New York Islanders Place in a Relegation/Promotion System

Babs may be regretting his move now that he's coaching in the AHL. But maybe $8 million/year makes everything better? Mandatory Credit: Jerome Miron-USA TODAY Sports
Babs may be regretting his move now that he's coaching in the AHL. But maybe $8 million/year makes everything better? Mandatory Credit: Jerome Miron-USA TODAY Sports /

It’s Friday, let’s have some fun. The MLS it is said can’t be a real soccer league without a promotion/relegation system, system that mimics the big European soccer leagues. What if that system applied to the NHL? Where would the New York Islanders fit in that system?

A recent Bleacher Report article detailed how the MLS needs, and could, adopt a promotion and relegation system to join the big soccer leagues around the world.

So let’s take that system and apply it to hockey. How would that shake up the NHL landscape? What teams get relegated and which get promoted?

I want to preface by stating that in no-way-shape-or-form do I believe the NHL needs to adopt such a system. But the thought experiment in certainly quite entertaining.

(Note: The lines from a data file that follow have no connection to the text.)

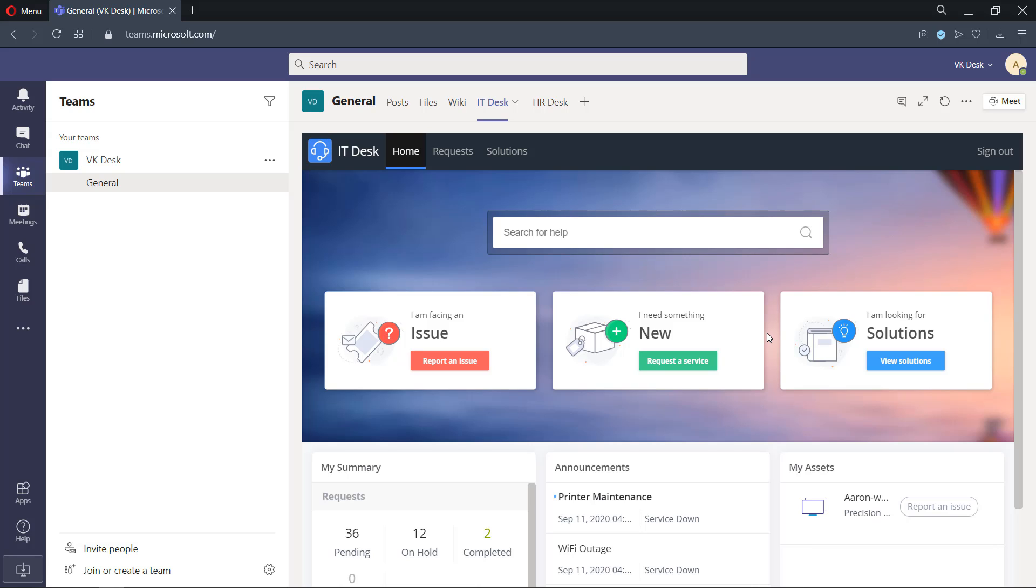All you need to do for this integration is to install the ServiceDesk Plus Cloud app within your Microsoft Teams application. This feature is supported in Microsoft Teams web app as well as in the desktop app.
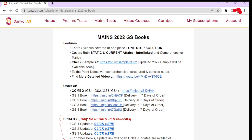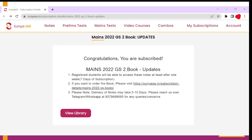This portion is for registered students. Registered students will get access to these updates within four to five days of ordering the book. Once you have registered for the main GS books, in four to five days you will get the access. These updates are being provided as PDFs.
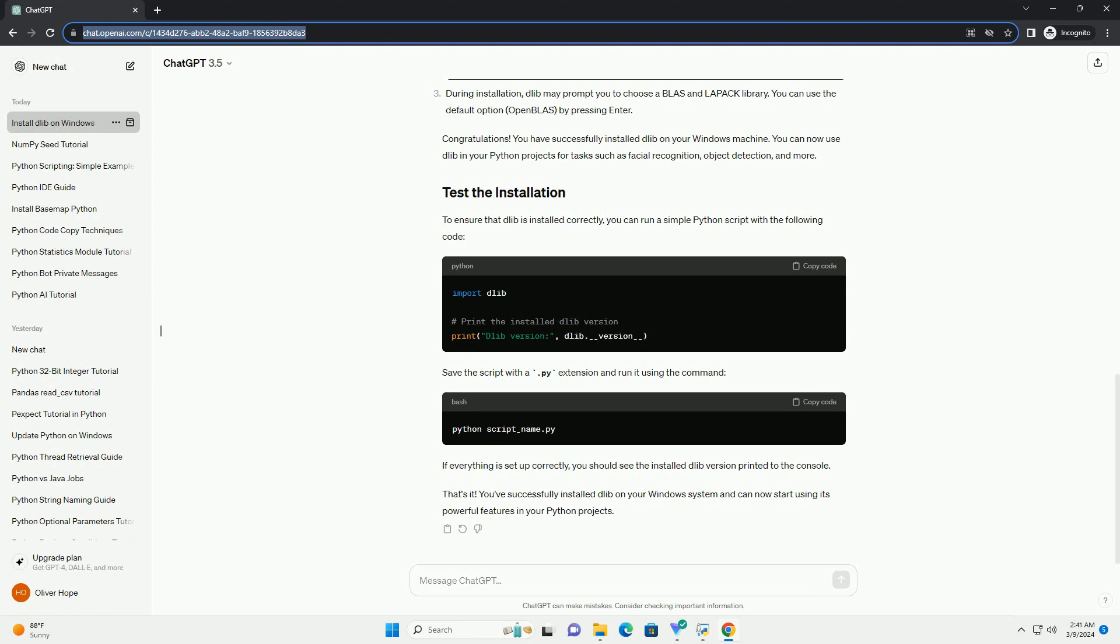Boost: Dlib relies on the Boost C++ libraries. Download Boost from boost.org and make sure to add the Boost root directory to your system's path. Install CMake by following the instructions on the CMake website.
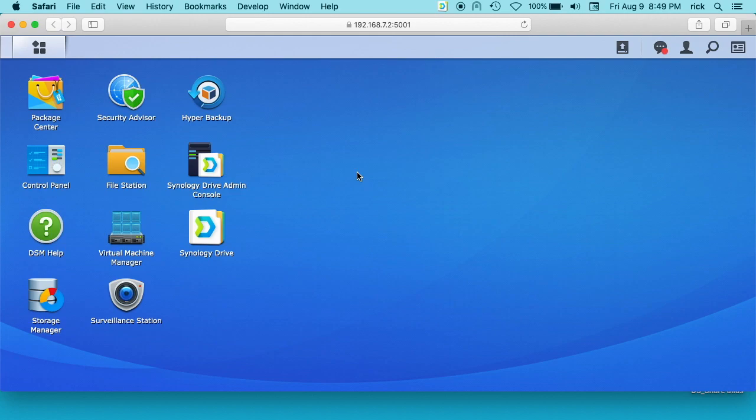Welcome. In some previous videos I talked about setting up Synology Drive admin on a Synology NAS and also installing Synology Drive client on a Mac. In this video I'm going to talk about how to back up your Mac to the Synology Drive. So I'll put a link in the description to those videos. I'll also put a link to my Synology playlist with all my other Synology videos.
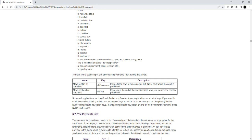Some web applications such as Gmail, Twitter and Facebook use single letters and shortcut keys. If you want to use these while still being able to use your cursor keys to read and browse mode, you can temporarily disable NVDA single letter navigation keys. To toggle single letter navigation on and off for the current document, press NVDA plus shift plus space.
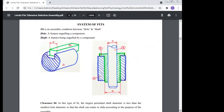Today, in the subject of manufacturing technology, we are continuing limits, tolerances, and fits.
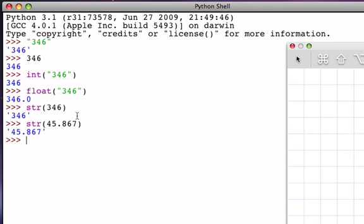But notice something interesting, the decimal point now is actually going to be one of the characters in the string. And so the length of that string is 6. The decimal point is the third character over.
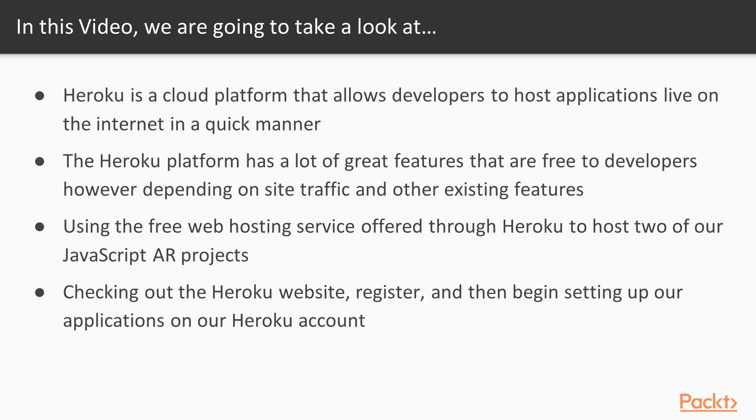So what is Heroku exactly? Heroku is a cloud based platform that allows developers to host applications live on the internet in a quick manner. The Heroku platform has a lot of great features that are free for developers. However, depending on site traffic as well as other existing features, you may have to pay a subscription fee.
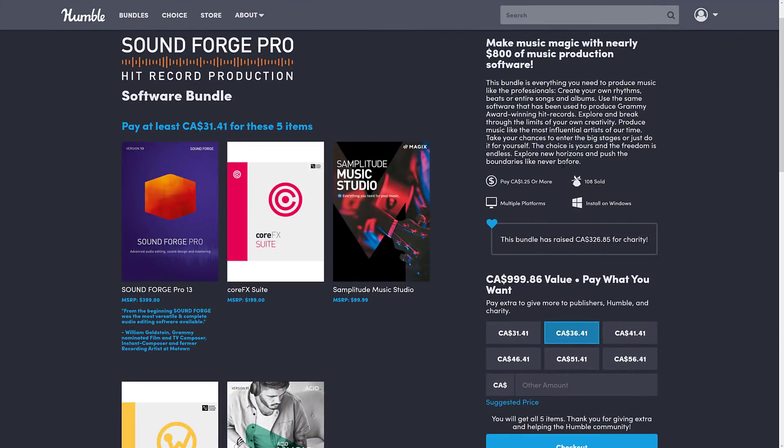So what we're looking at today is the SoundForge Pro HitRecord Production Software Bundle on Humble. This is a straightforward bundle — there is one tier, $31 Canadian or $25 US, and for that you get three pieces of software plus two plug-in packs, which includes VSTs or virtual musical instruments that you can use in your DAW of choice. DAW being Digital Audio Workstation — I have covered a number of them on this channel.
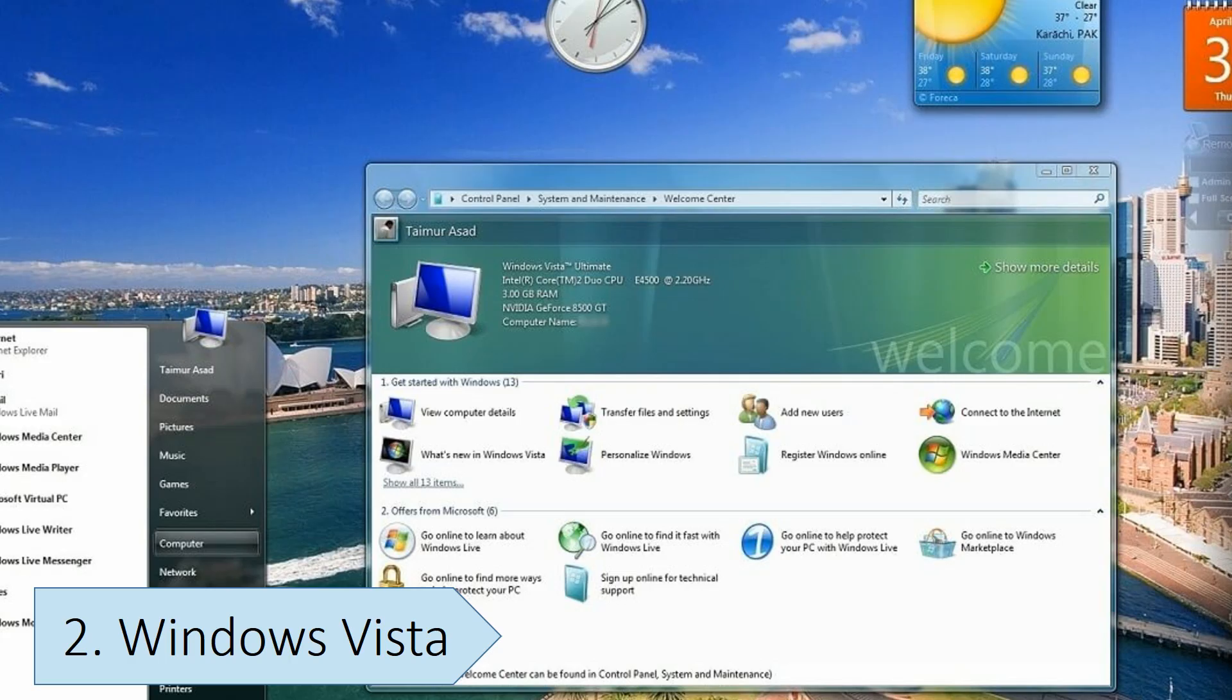Eventually, Microsoft moved on to Windows 7, which addressed the issues in Windows Vista and had fewer system interruptions and better performance.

Think of it. A team plays so poorly in the regular season it gets relegated to a secondary league. Instead of being awarded an elite level prospect (or four if you’re from Edmonton), you get sent down to the lower league. Think tanking happens now?

How it Would Actually Work

The key to a promotion and relegation system is to have more than a single league. We could divide the NHL into two separate leagues but then that throws the entire 82 game schedule out the door.

Rather let’s amalgamate the NHL, AHL, and ECHL into one big North American hockey league. It creates a three-tier system where the final prize is the Stanley Cup.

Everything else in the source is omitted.